Researchers have been using Integrated Assessment Models to explore future climate change scenarios for decades, helping policymakers understand the interplay between technology changes, greenhouse gas emissions, and the climate system. However, until just a few years ago, carbon dioxide removal technologies were either not included in these models or limited to a single technology. Given the increasingly recognized unavoidable need for negative emissions to stabilize the climate and the ever-increasing urgency of their deployment with each passing year of largely unabated global emissions, researchers have been working to fill this gap.

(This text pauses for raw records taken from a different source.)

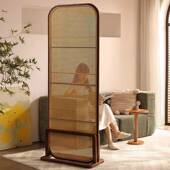 实木屏风中式 杂志 藤编风隔断入屏户遮挡关移动复置26433古法玄式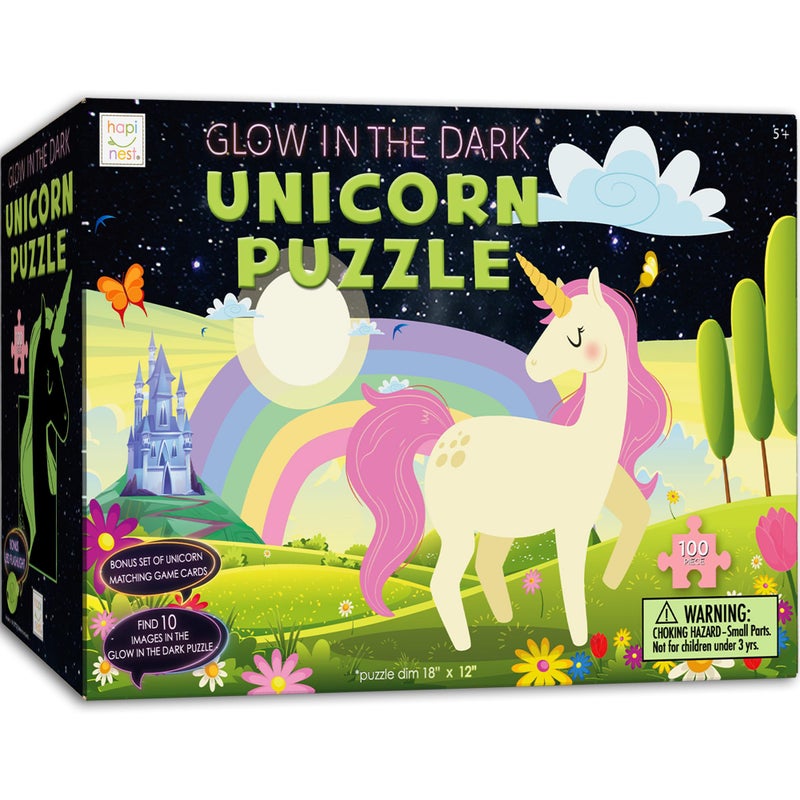 Hapinest 100 Piece Unicorn Puzzle GlowinTheDark Puzzle for Kids Girls Boys Birthday Gift wBonus Memory Matching Cards LED Flashlight Jigsaw Puzzles for Kids Ages 5 68 1012 Years Old and Up - Image 2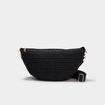 Sac banane XL effet tress&eacute; noir femme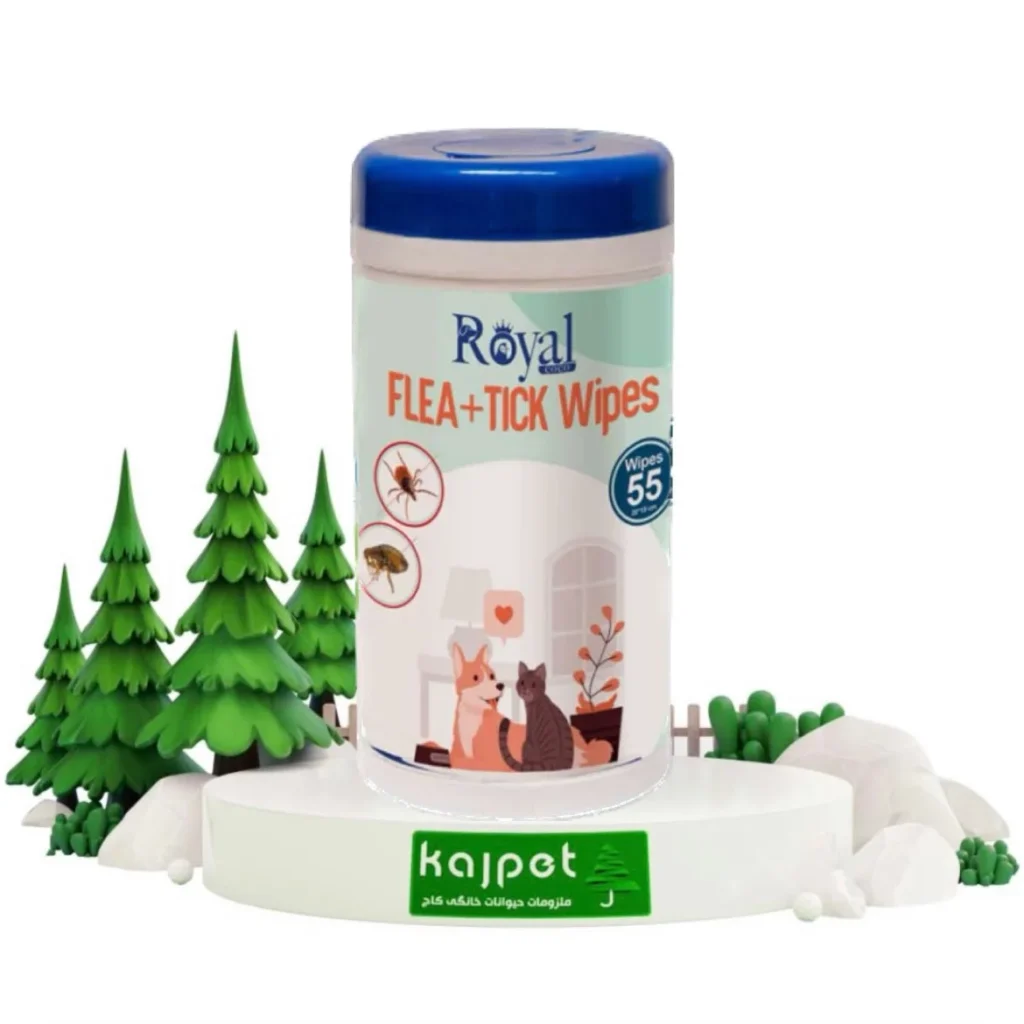 خرید و قیمت دستمال مرطوب ضد کک و کنه حیوانات خانگی رویال کوکو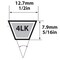 Mbl Mitsuboshi Super KB Standard V-Belt 0.5 in. W X 39 in. L For Riding Mowers 4LK390A - alternate 1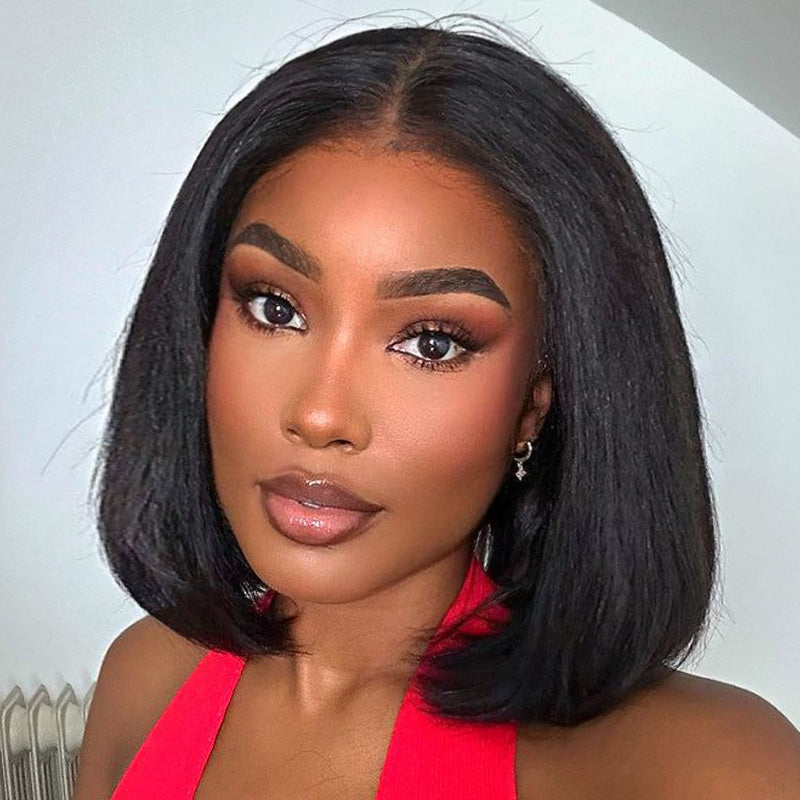 300% Density Bob Lace Wig Pre Cut Straight Human Hair Lace Closure Wigs Bleach Knots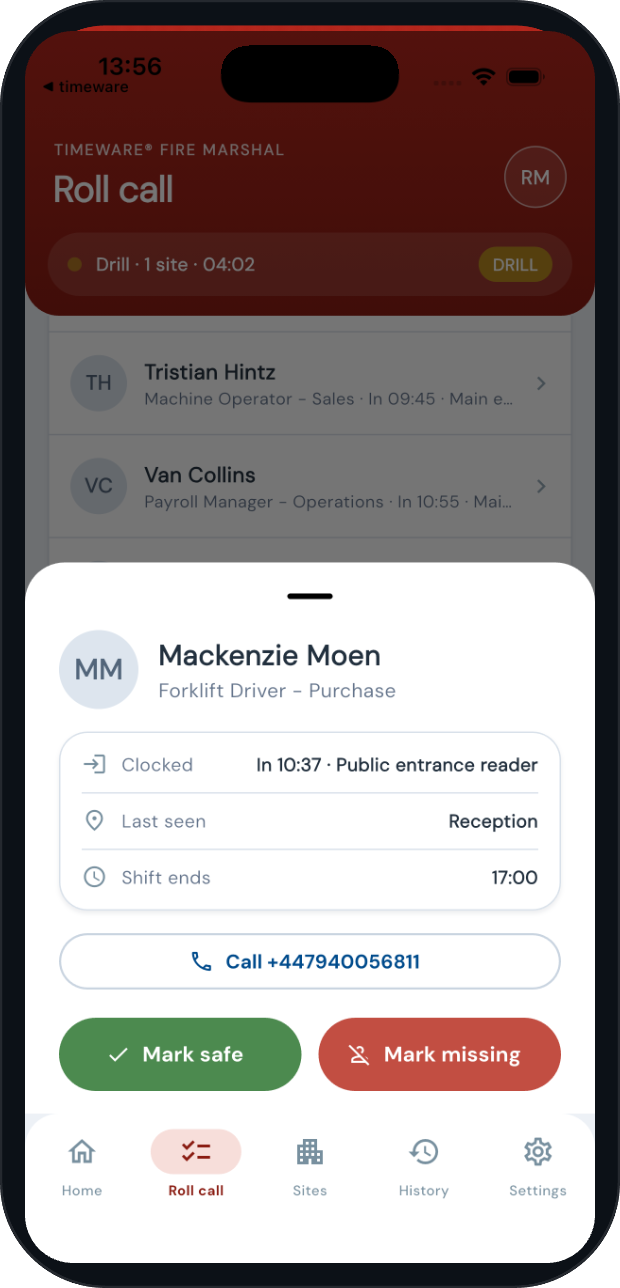 timeware® Fire Marshal, person sheet: clocked in at the public entrance reader, last seen in reception, shift ends 17:00, call, mark safe or mark missing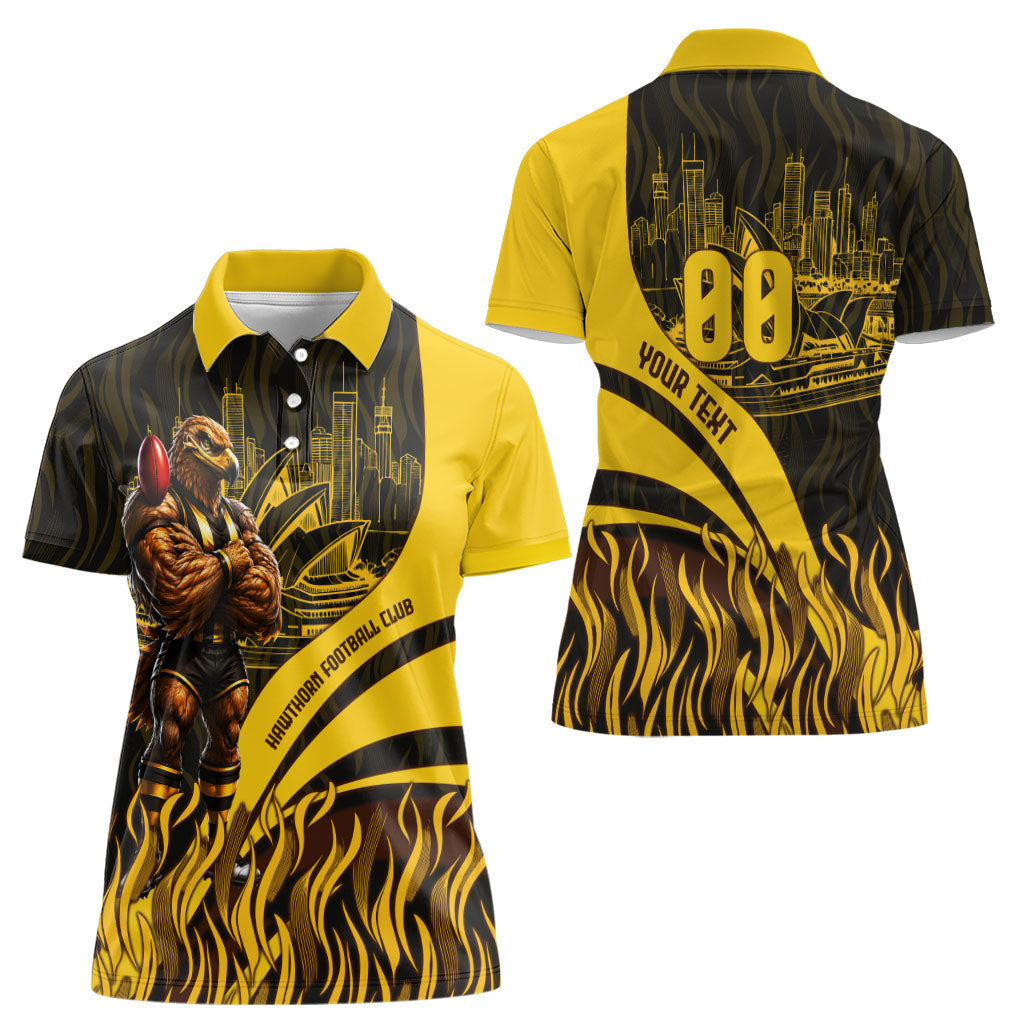 Personalised Hawthorn Hawks Football Women Polo Shirt Australian City Skyline Graphic Fierce Mascot Art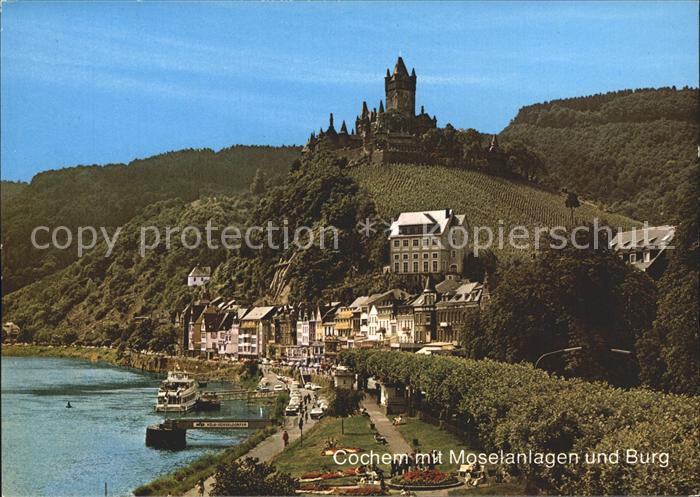 Cochem Mosel mit Burg und Moselanlage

Most modeled scenarios start with the premise that we will meet a certain climate goal. They almost always set at a warming level of 1.5 or 2°C above pre-industrial levels in 2100 and then ask the question, “What combination of technologies would allow us to achieve this outcome in the cheapest way?” It’s important to note that the models don’t address how — or if — policies will be put in place to achieve this target. They assume it will be done.
It has already been robustly shown that to limit warming levels to 1.5°C by 2100 — and, increasingly, 2°C — we will need both dramatic, rapid emissions reductions and a significant volume of carbon dioxide removal. Both studies’ modeled scenarios follow this pattern: global greenhouse emissions immediately drop precipitously from their current level of ~55 GtCO2e yr-1 (gigatons of CO2 equivalent per year) to well under half that level by 2050. Negative emissions scale up more slowly, growing mostly in the second half of the century to reach levels of about 20 GtCO2 yr-1 by 2100.
The sheer scale of this transformation means that any meaningful contribution will also invoke a substantial demand for global resources. Many CDR technologies rely on land directly, whether through growing biomass for energy, spreading rock dust for enhanced weathering (EW), or simply increasing forest cover — and there’s only so much land available. In contrast, DACCS doesn’t use a large land area. Instead, it requires substantial amounts of (net zero carbon) energy to run the machines. This energy could be generated with dispersed renewables, an approach that would demand large amounts of land. Other options include fossil fuels with carbon capture and storage and nuclear, which, while less land-intensive, depend on other resources. IAMs allow the measurement and trading-off of these diverse impacts.
Desport et al. trade-off DACCS with only bioenergy with carbon capture and storage (BECCS) and land-use change as other CDR options. This choice matches previous studies, which often only included BECCS as a proxy for all CDR. Without DACCS, they estimate that BECCS alone would use 8.4 million km2 of arable land for biocrops — about the same area that we currently use for growing food.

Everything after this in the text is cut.